Dawn was setting in as we were entering the village of Vítkovice, which was completely packed with our infantry. I decided to look for my regiment, and the cornet to look for his, but I felt like talking to some old friends from the 6th Siberian Rifle Division. Division headquarters was housed in one of the nearby huts, so I stopped in. They treated me to tea and asked questions about the war. The division had just arrived from the Far East. Right away I asked for a map and told them what I knew about the enemy. Looking out of the window, I drew their attention to the columns of gunners moving south. What are they thinking? The Germans are close, and yet they move in columns. The artillerymen told me that those at headquarters do not have the proper orientation. Just a few minutes later, shots were fired and shrapnel explosions followed near the front of the convoy. In a panic, the caravan turned and began racing in the opposite direction. The kitchen was overturned and my hussars stuffed their bags with “rations.” But the platoons quickly formed skirmish lines and started moving forward. In an hour the battle was in full swing.

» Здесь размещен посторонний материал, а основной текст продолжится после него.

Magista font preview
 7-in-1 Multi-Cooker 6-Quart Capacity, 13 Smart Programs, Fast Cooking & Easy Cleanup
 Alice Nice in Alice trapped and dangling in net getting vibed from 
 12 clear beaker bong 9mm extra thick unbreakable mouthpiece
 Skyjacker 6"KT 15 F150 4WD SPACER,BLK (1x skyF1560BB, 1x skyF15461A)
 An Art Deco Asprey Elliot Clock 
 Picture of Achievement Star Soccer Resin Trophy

When I came to Brzeziny, I tried to clarify the location of our division at headquarters. I was told that the Alexandrian Hussars had advanced to Plovno. I didn’t find my regiment in Plovno. A junker I knew from military school told me that the day before their mounted patrol had seized several Russian sabers stamped with 5 G.P. from the German Ulans, and that according to Plovno locals, a Hussar mounted patrol had been taken prisoner, together with an officer. As I was taking a break in a square, a Polish man came up to me and said that an officer in the same uniform as mine was sleeping at his place, and that the Germans had caught and captured him and the hussars while they were asleep, because they were exhausted after wandering for three days behind enemy lines and slept like the dead. When the Germans tried to shoot the Polish man for hiding Russians, the officer asked that the man’s life be spared and so he was let go. I told him that the officer in question was my brother, and he kissed my hand.